Peut-on prédire l’avenir? Stephan Sigrist en est capable. Pour ce faire, le fondateur du Think Tank W.I.R.E. et de la «Future Society Association» ne regarde pas dans une boule de cristal, mais évalue des données, des faits et des tendances mondiales. Sur notre blog, le scientifique de l’EPFZ nous dévoile ce que sera la mobilité de demain en Suisse.
Stephan Sigrist, vous êtes l’un des principaux «futurologues» de Zurich. Qu’est-ce qui nous attend en tant que société en matière d’avenir numérique?
Stephan Sigrist: D’une part, la numérisation débouche sur davantage d’espace de création et sur de nouvelles possibilités. Mais elle implique aussi des responsabilités. Nous avons donc besoin d’une culture qui définit les valeurs avec lesquelles nous pourrons saisir les opportunités et éviter les risques. Face à la numérisation croissante se pose de plus en plus la question de savoir qui détient nos données et comment nous les contrôlons.
Quel rôle l’humain joue-t-il encore à cet égard?
Nous avons bâti une culture de l’innovation axée sur la technologie. L’humain doit être replacé au centre. Le but ne consiste pas à optimiser l’individu, mais la société.
Quelle sera la plus grande tendance sociétale de la prochaine décennie?
La société, mais aussi les milieux politique et économique, vont faire de plus en plus pression pour que les comportements évoluent. Nous sommes confrontés à davantage de restrictions en matière de développement durable et de santé. D’autre part, la réalité virtuelle entraîne de nouveaux espaces où évoluer, par exemple comme alternative aux voyages.
À quoi ressemblera la mobilité dans les villes suisses dans les cinq à dix prochaines années?
La tendance est claire: alors que les villes ont été axées sur la circulation au XXe siècle, c’est aujourd’hui l’humain qui est remis au centre. Cela signifie davantage d’espace pour les piétons et les vélos, tandis que les voitures sont sanctionnées par des interdictions de circuler, des limitations de vitesse et d’autres mesures.
À quels changements devons-nous nous attendre en matière de mobilité?
Nous avons besoin d’une nouvelle culture de la mobilité. La transition vers les véhicules électriques est en cours et va également modifier la mobilité en Suisse. Il s’agit désormais de fournir l’infrastructure de recharge nécessaire. Pour une mobilité efficace, nous devons combiner différents moyens de transport. Cela nécessite une infrastructure numérique commune qui relie avec simplicité les différents modes de transport.
Qu’en est-il de la gestion des ressources?

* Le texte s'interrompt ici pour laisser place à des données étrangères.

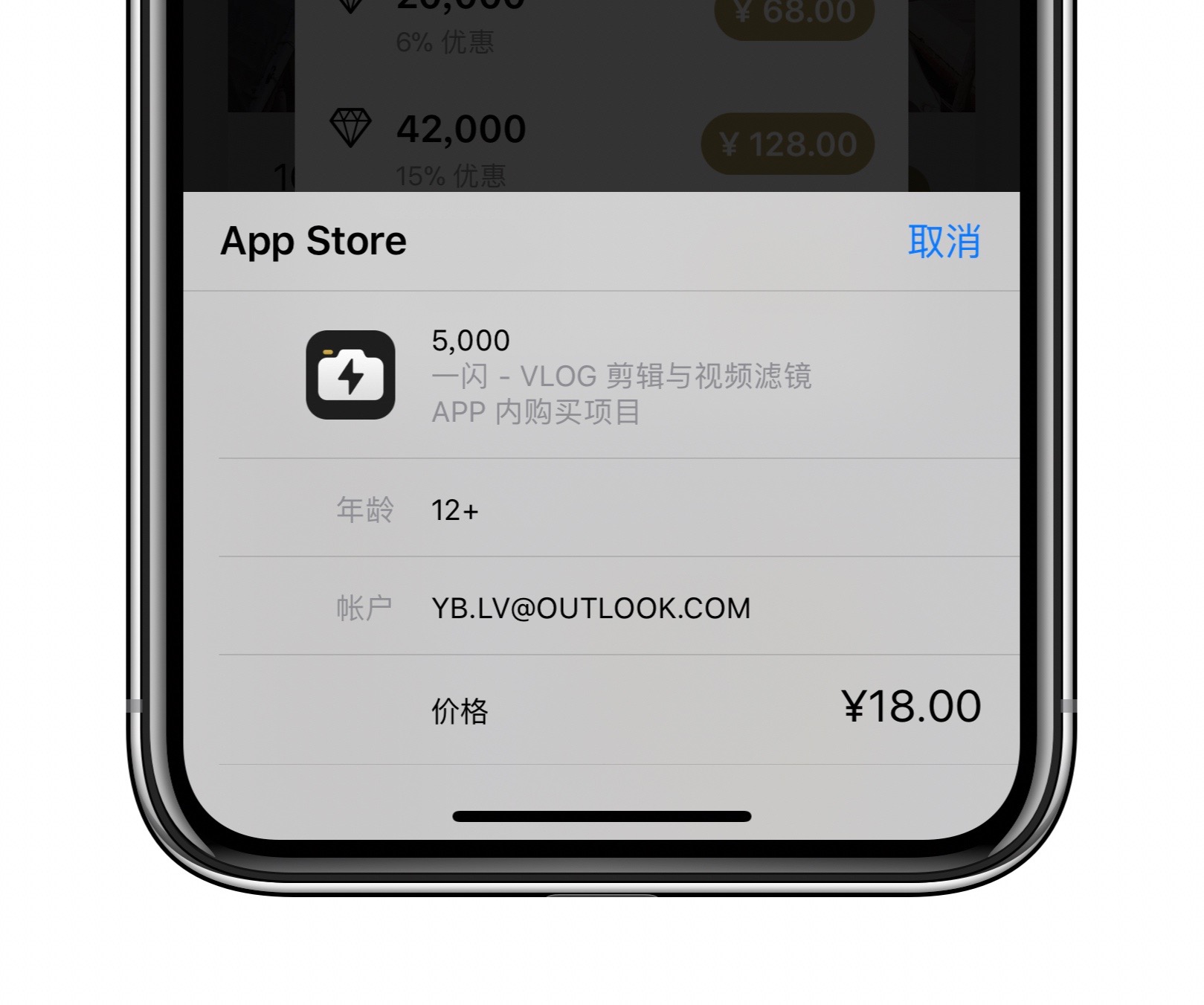 iPhone 用户打车比 Android 用户贵，真的是因为苹果收了手续费吗？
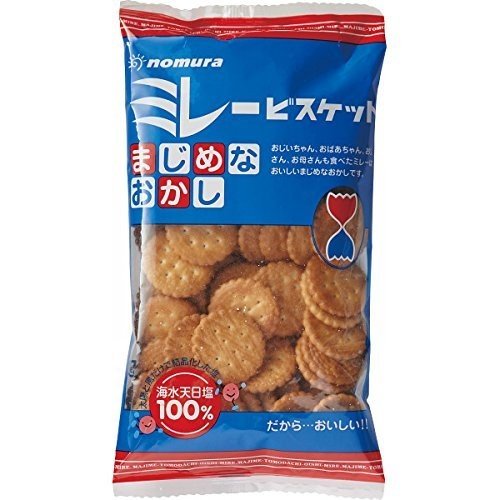 【最大7%OFF】「 ミレービスケット 120g 3袋 」 野村煎豆加工店 1000円ポッキリ 送料無料 メール便送料無料 買いまわり もう一品 2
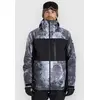 Quiksilver Veste de Snow Sycamore Printed Jacket Noir M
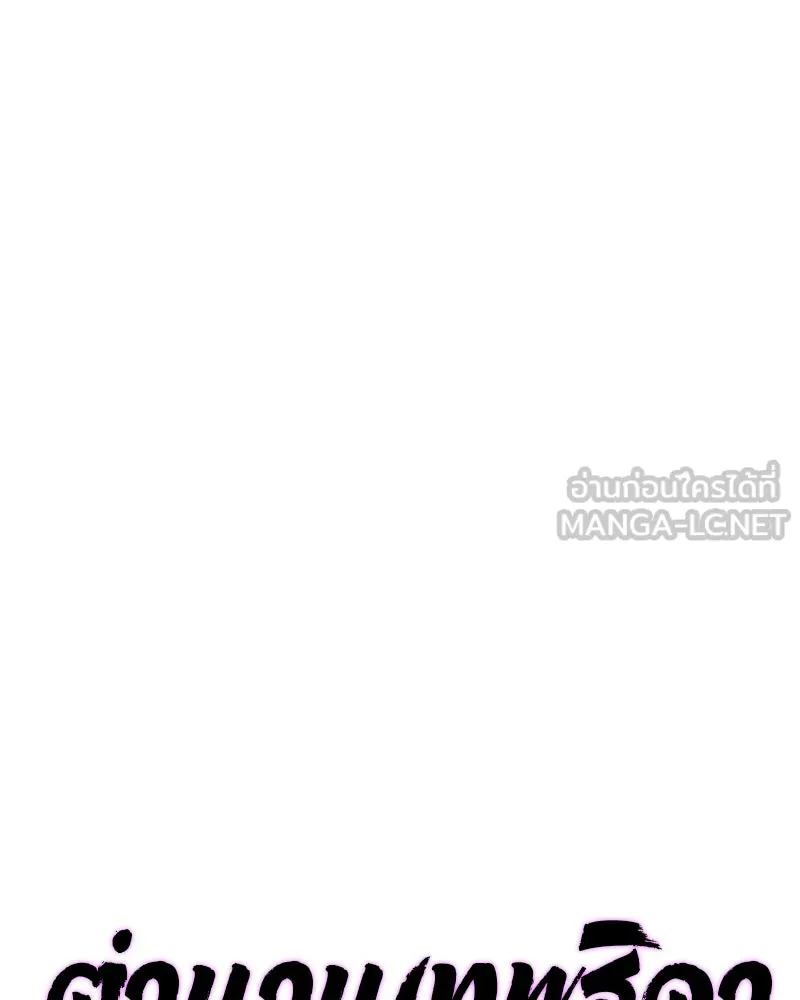 ตำนานเทพธิดาตกสวรรค์ ตอนที่ 17 รูปที่ 24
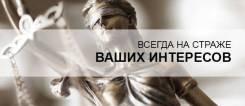 Эксперт по недвижимости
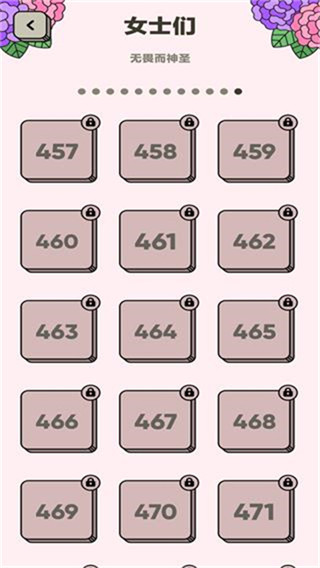 3tiles内置菜单免登录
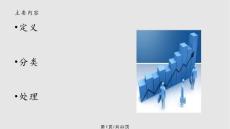 难治性伤口的处理
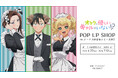 『アニメ「オタクに優しいギャルはいない!?」 POP UP SHOP in ボークス秋葉原ホビー天国2』が開催決定！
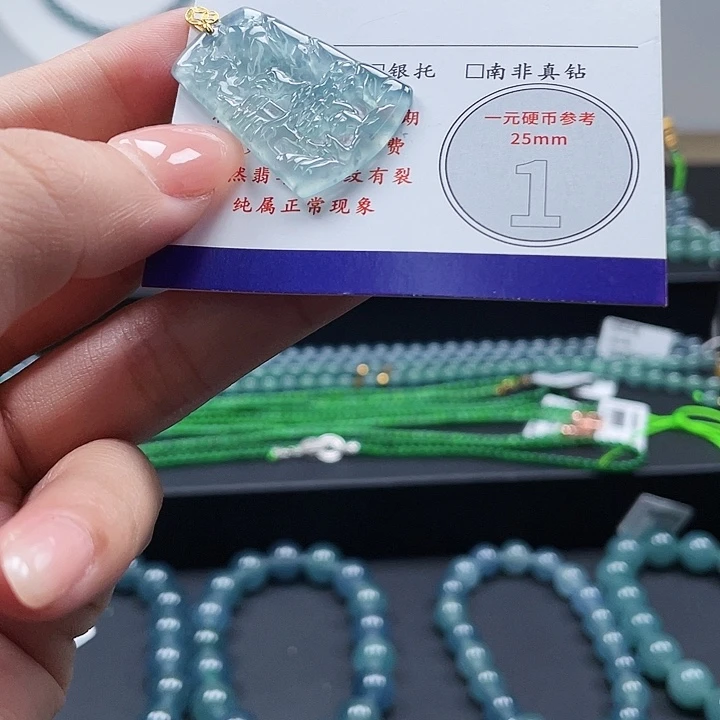 颈饰18K金镶嵌翡翠山水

L’avenir sera de plus en plus au recyclage. Il serait fatal de considérer une voiture comme un produit jetable, à l’instar des téléphones portables ou des téléviseurs d’aujourd’hui. Une appréciation globale de la durabilité des véhicules est donc nécessaire. Il n’y a pas que la motorisation, l’origine de l’électricité ou le nombre de kilomètres parcourus qui sont importants; la durée de vie et la recyclabilité des matériaux le sont tout autant.
Que recommanderiez-vous personnellement à un constructeur de véhicules?
Je lui conseillerais d’oser davantage. Il existe des opportunités de se démarquer face à l’homogénéisation des véhicules qui se profile, laquelle est caractérisée par des éléments de design copiés de plus en plus rapidement et par une interface avec le téléphone portable vantée comme une innovation centrale. C’est aussi le cas pour les petits fournisseurs qui souhaitent suivre leur propre voie sur des plates-formes existantes.
Comment voyez-vous l’avenir de Volvo Cars?
Volvo s’est toujours appuyée sur une vision très claire, qui lui est propre et où la sécurité tient une place centrale. Ce positionnement fait actuellement l’objet de plus amples réflexions, p. ex. par l’utilisation d’éléments de commande numériques. Reste à voir si de tels systèmes peuvent être acceptés par une majorité. Cependant, il est courageux de placer les besoins de la société au centre. Cela passe par un dialogue avec le public, les milieux scientifiques, le monde politique et d’autres entreprises afin de trouver ensemble un moyen d’organiser la mobilité. Quand une entreprise – comme Volvo Cars – anticipe l’avenir, j’y vois beaucoup de potentiel.